:: WHAT IS BEING ASKED ::
Transcribe exactly the line in which "Aianduspoes saab taimi" occurs, plus every line that comes after it up to the end of the entries.

:: Records contained in a dataset ::

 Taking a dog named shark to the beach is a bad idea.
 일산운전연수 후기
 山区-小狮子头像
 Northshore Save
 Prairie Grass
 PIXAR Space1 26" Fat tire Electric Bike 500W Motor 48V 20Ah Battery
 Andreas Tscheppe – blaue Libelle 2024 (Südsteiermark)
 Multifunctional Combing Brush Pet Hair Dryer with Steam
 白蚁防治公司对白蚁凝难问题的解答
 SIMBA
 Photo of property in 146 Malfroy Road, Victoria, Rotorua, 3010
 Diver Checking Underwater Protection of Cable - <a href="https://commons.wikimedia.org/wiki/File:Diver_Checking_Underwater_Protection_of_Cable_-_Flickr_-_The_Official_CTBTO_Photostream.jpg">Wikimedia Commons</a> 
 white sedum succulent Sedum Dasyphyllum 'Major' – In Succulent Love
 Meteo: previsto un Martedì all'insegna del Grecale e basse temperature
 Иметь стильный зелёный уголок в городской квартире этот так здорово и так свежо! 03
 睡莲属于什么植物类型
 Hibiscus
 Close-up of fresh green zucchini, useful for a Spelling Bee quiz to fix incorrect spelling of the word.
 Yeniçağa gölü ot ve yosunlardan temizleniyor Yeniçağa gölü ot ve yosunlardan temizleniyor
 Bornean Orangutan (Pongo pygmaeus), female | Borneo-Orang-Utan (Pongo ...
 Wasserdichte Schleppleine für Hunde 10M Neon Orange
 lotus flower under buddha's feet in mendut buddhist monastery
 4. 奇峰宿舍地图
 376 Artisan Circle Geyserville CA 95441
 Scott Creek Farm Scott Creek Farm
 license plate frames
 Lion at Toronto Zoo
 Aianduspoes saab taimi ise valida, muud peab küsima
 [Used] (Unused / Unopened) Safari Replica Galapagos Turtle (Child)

:: WRITTEN SOLUTION ::
 Aianduspoes saab taimi ise valida, muud peab küsima
 [Used] (Unused / Unopened) Safari Replica Galapagos Turtle (Child)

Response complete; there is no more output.